* What to work on *
All entries are to be copied verbatim, while the pictures stay out.

* Material for the task *

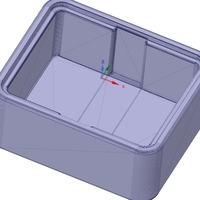 Gift wedding Jewelry Box small toy box 3D print model  - Thumbnail 2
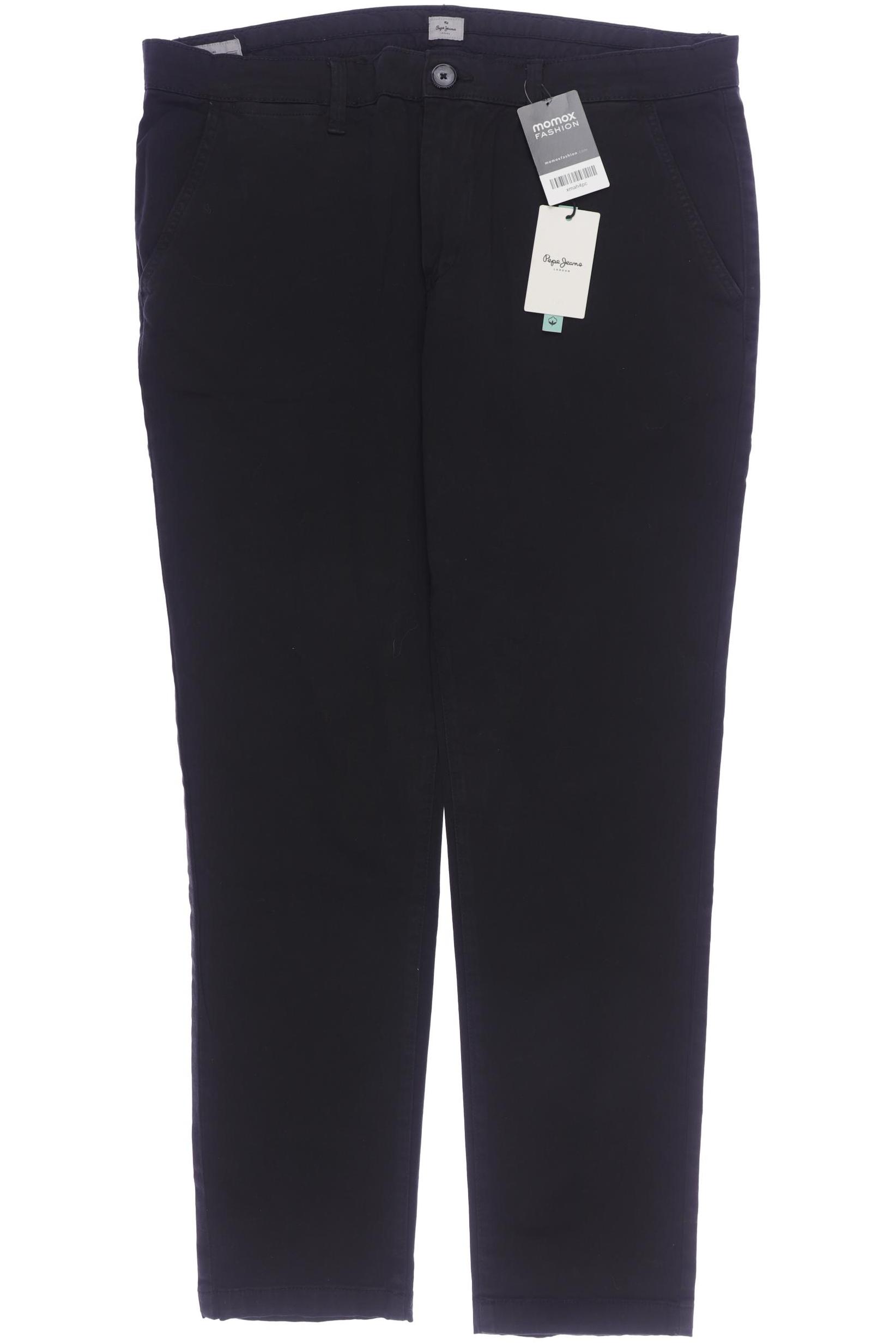 

Pepe Jeans Herren Stoffhose, schwarz, Gr. 38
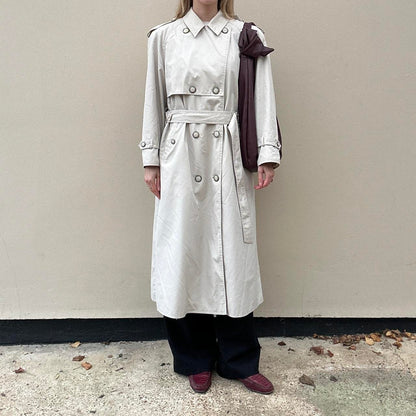 Vintage 90s trench coat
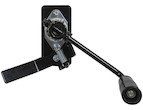 ALUMINUM TARP SYSTEM KIT, HEAVY DUTY BLACK MESH TARP 7' X 18'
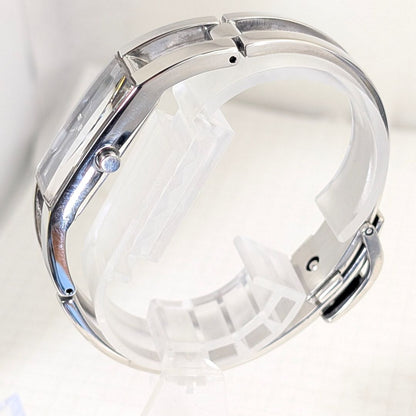 Citizen xC Analog Quartz Women Bangle Type Battery Replaced Working Item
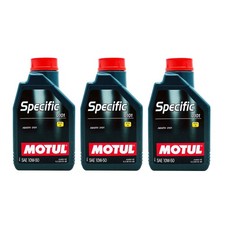 3 LITRI Olio MOTUL Specific Abarth 0101 10W50 Fiat 500 Abarth 500 595 03MO79
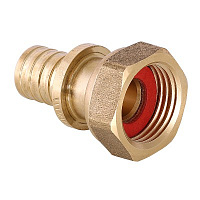 Концевик аксиальный с накид. гайкой 16(2,2)х1/2" VTm.422.G.001604 (10/ шт)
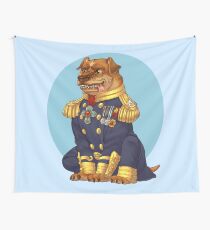 Admiral Brutor Wall Tapestry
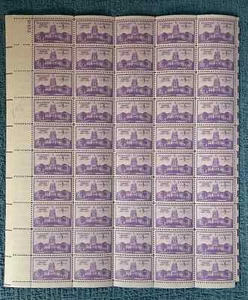 Scott # 896, 3c Idaho Statehood, Mint sheet of 50, MNH - Picture 1 of 1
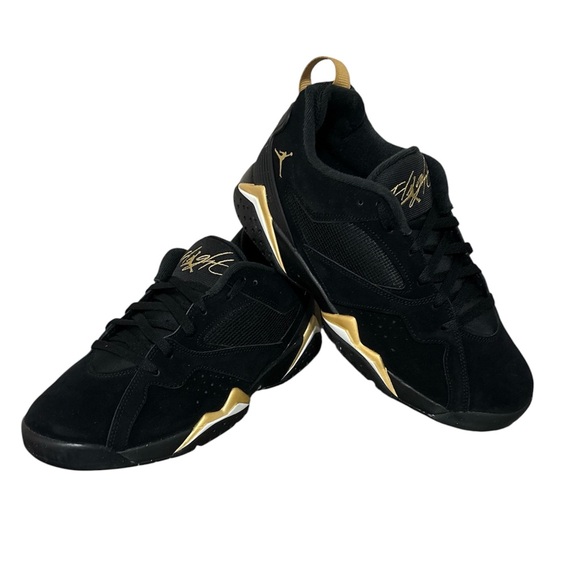 Jordan MVP 92 Men’s Basketball Shoes Black/Sail/Metallic Gold Size 10.5 NWOB
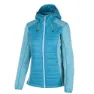 CMP Hybrid 3h52776 Fleecejacka Med Huva, Curacao / anice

* Output of the exercise *
 Gift wedding Jewelry Box small toy box 3D print model  - Thumbnail 2

Pepe Jeans Herren Stoffhose, schwarz, Gr. 38
 Vintage 90s trench coat
 ALUMINUM TARP SYSTEM KIT, HEAVY DUTY BLACK MESH TARP 7' X 18'
 Citizen xC Analog Quartz Women Bangle Type Battery Replaced Working Item
 3 LITRI Olio MOTUL Specific Abarth 0101 10W50 Fiat 500 Abarth 500 595 03MO79
 Концевик аксиальный с накид. гайкой 16(2,2)х1/2" VTm.422.G.001604 (10/ шт)
 Admiral Brutor Wall Tapestry
 Scott # 896, 3c Idaho Statehood, Mint sheet of 50, MNH - Picture 1 of 1
 Jordan MVP 92 Men’s Basketball Shoes Black/Sail/Metallic Gold Size 10.5 NWOB
 CMP Hybrid 3h52776 Fleecejacka Med Huva, Curacao / anice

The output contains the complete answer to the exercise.